[Prompt]
From the entries below, output the line with "Mapcessibility – screenshot 4" and each following line up to and including the line with "Кожанка (куртка из натуральной кожи) Астана", exactly as written.
[Data for the task Boundary: Start]
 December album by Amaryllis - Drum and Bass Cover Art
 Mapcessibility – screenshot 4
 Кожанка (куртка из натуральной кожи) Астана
[Data for the task Boundary: End]
[Data for the task Boundary: Start]
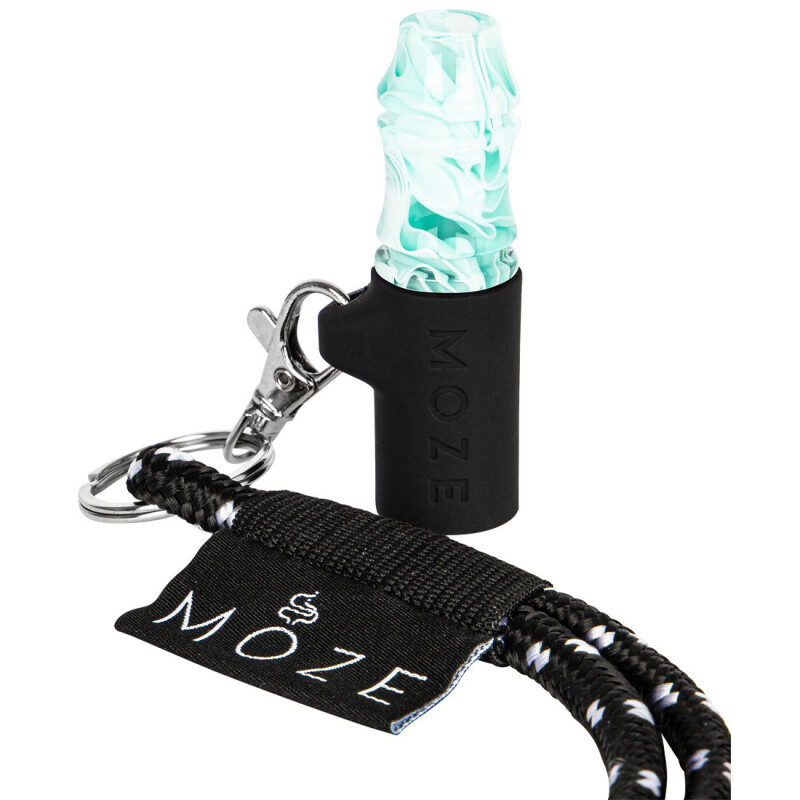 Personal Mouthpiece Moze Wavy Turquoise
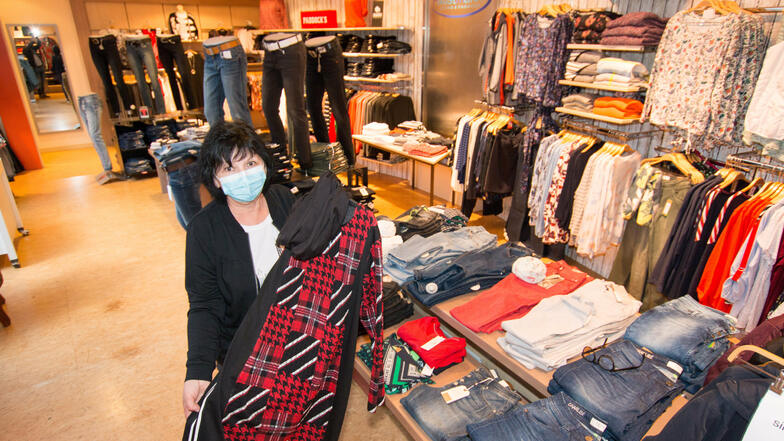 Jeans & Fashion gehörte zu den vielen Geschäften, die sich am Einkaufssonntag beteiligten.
[Data for the task Boundary: End]
[Answer section]
 Mapcessibility – screenshot 4
 Кожанка (куртка из натуральной кожи) Астана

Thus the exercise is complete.